*The data:*
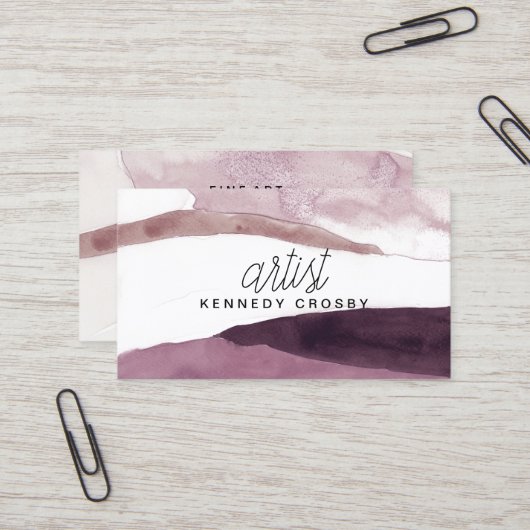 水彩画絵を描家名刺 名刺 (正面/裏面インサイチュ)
---
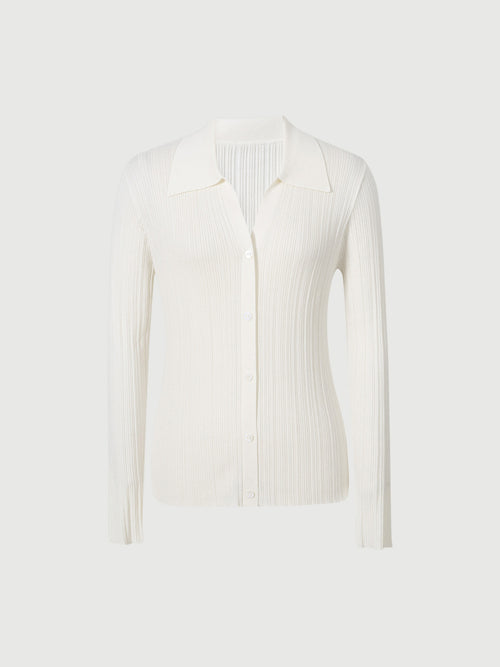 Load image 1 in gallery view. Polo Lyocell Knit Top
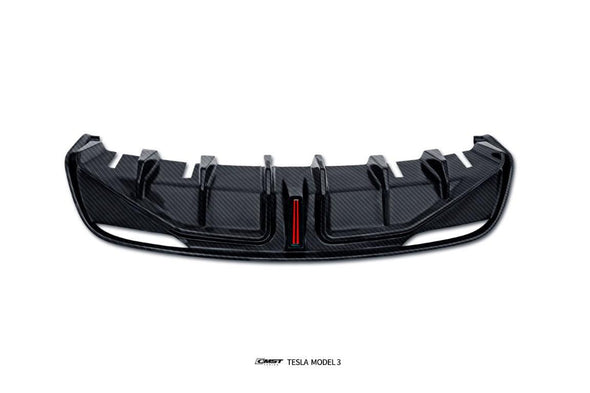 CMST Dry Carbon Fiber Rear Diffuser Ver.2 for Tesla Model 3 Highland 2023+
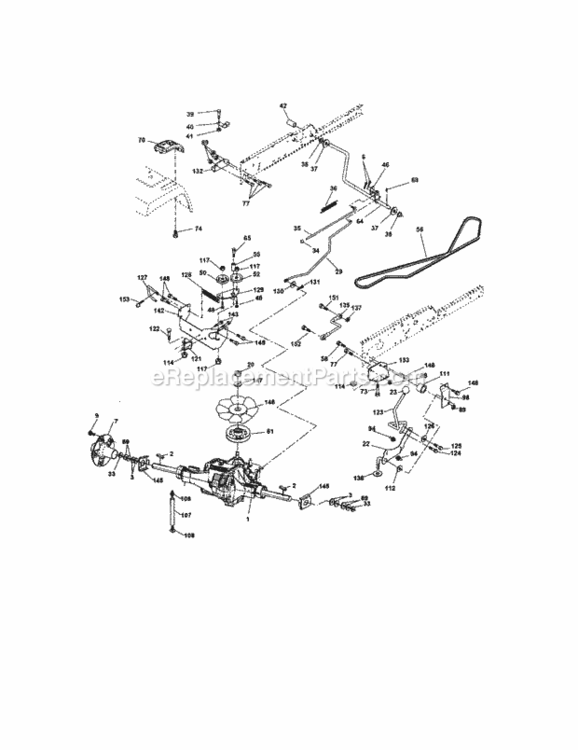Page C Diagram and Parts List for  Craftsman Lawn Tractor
---
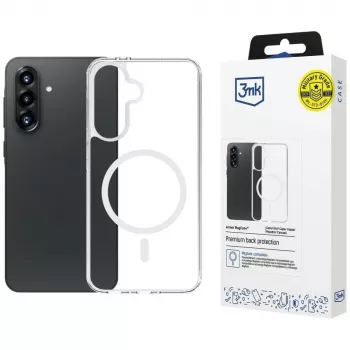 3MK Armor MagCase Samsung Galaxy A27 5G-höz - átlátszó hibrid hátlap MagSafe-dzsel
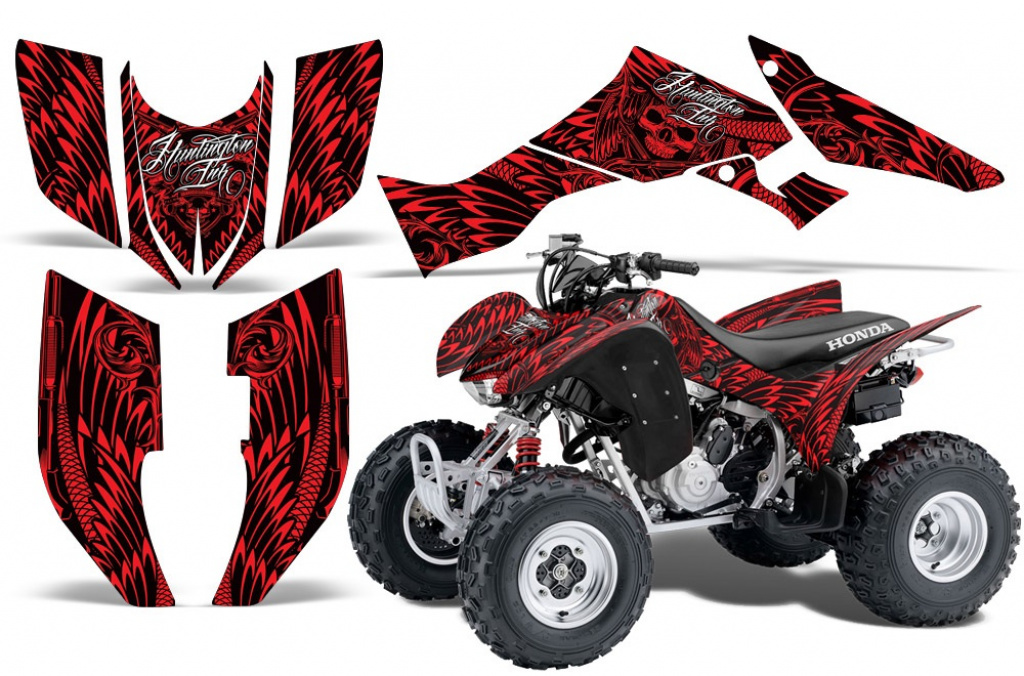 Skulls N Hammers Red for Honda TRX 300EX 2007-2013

*What the task asks:* Reproduce the listing above from the line that holds "Load image 1" through the line that holds "Page C Diagram", both included, with the pictures left out.

*Expected answer:*
 Load image 1 in gallery view. Polo Lyocell Knit Top
 CMST Dry Carbon Fiber Rear Diffuser Ver.2 for Tesla Model 3 Highland 2023+
Page C Diagram and Parts List for  Craftsman Lawn Tractor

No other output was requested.